Your system application sends a file from one system to another every day. Usually it works, sometimes it doesn’t. When it doesn’t, what happens? Nothing, because you never coded for that eventuality. Why would you? It’s not your fault if the other side doesn’t work, after all. Your code is perfect. The intelligent handling to this is two lines of code: after you send the file, check to make sure the file is actually on the other end, and retry if it’s not (or send you an e-mail, or write something to a log… SOMETHING). I can list over 60 different reasons that file may not be on the other side- you can add mitigators for those 60 reasons (plus the other 60 I didn’t bother thinking of), or you can intelligently handle the problem with two lines of code, actually, zero lines if you’re elegant.
SendFile(fileName,fromHere,toThere)
could be replaced with:
until(FileExists(“toThere/fileName”)) { SendFile(fileName,fromHere,toThere); }
That’s pseudo-code (‘until( .. )’ is the same as ‘while(not .. )’, if you’re using a primitive language) but it will work semantically the same in at least 16 different programming languages. This doesn’t mean you shouldn’t try to figure out why it’s failing and perhaps fix something that’s broken along the way, but your code doesn’t need that complexity, it just needs to Do The Right Thing.
Another classic example is how one handles multiple instances. Some software runs fine with multiple copies (like your web browser) some behave badly (like your e-mail client), some even worse. Frequently, even when they know that running two or more instances at the same time is very very bad (will-destroy-data bad), they don’t handle that event, they avoid it. They say “well the code runs via a scheduler, and there’s enough time in-between runs that it should be done”. Should. You may destroy data and cause more work, for a “should”. The handler is a 2-line fix:
open ME, “<$0″ or exit;
flock ME, LOCK_EX | LOCK_NB or exit;
Lock yourself, and exit if you can’t get a lock. If locking yourself seems too conceptually scary, then pick a lock file (that’s what the /var/lock subsystem is for, by the way) and lock on that. The code is Perl, but the concept will work in at least a dozen different languages, and is bullet-proof (assuming your host OS supports flock).

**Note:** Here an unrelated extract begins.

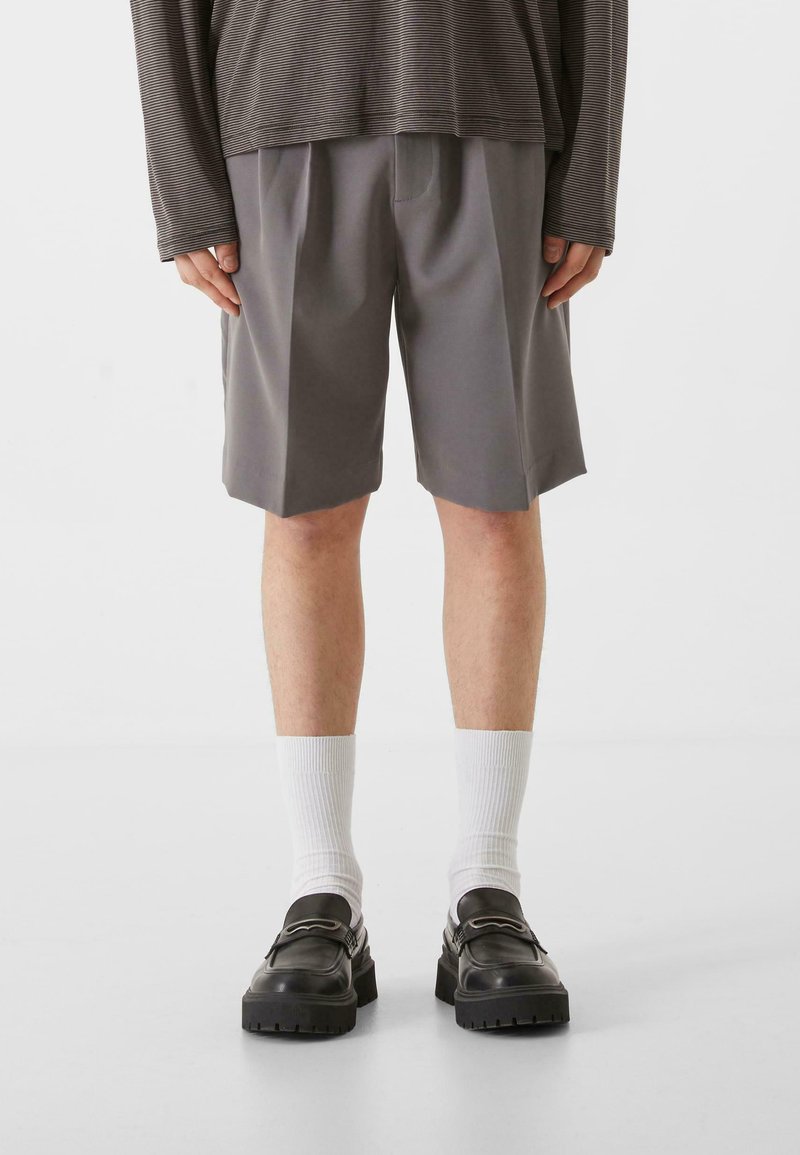 Shorts gris avec des plis, associés à des chaussettes blanches et des chaussures noires. Le haut présente un design à rayures à manches longues dans des tons atténués.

There are a lot of reasons people don’t write durable programs- I don’t pretend to do it all of the time, either. Laziness and ignorance are probably tied for first, followed closely by apathy. If your system is “critical” (to you, or someone else) and if/when it doesn’t function it generates work, there is almost always a 1-to-2 line solution to help it survive, or at the very least, not do the wrong thing.